Experts agree that permanent supportive housing facilities such as the Palms are a critical tool for combating homelessness. But recent problems at the site reveal the complex challenges of providing stable homes for the region’s most vulnerable population — at a time when similar projects are being launched at local motels to house hundreds of Sonoma County’s estimated 2,700 homeless residents.

Palms Inn residents Steve Singleton and Michelle Last painted their room and try to keep it clean, but they complain mold and a lack of ventilation throughout the room and cockroaches entering through holes in the floor. (John Burgess/The Press Democrat)
Palms Inn residents Steve Singleton and Michelle Last painted their room and try to keep it clean, but they complain mold and a lack of ventilation throughout the room and cockroaches entering through holes in the floor. (John Burgess/The Press Democrat)

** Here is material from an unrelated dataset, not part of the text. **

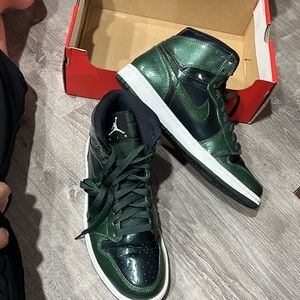 Meet your Posher, Maria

“When (permanent supportive housing) is done right, it’s extremely effective at keeping people off the streets,” said Adrian Covert, a senior vice president of public policy for the Bay Area Council, who was not familiar with the Palms.

“You can’t take someone who's spent years struggling with demons on the street and put them in an old building with inadequate staffing and expect success,” he said.

Snapshot of homelessness in Sonoma County

Homeless residents in Sonoma County: 2,745 (down from latest peak of 2,996 in 2018 following the 2017 fires)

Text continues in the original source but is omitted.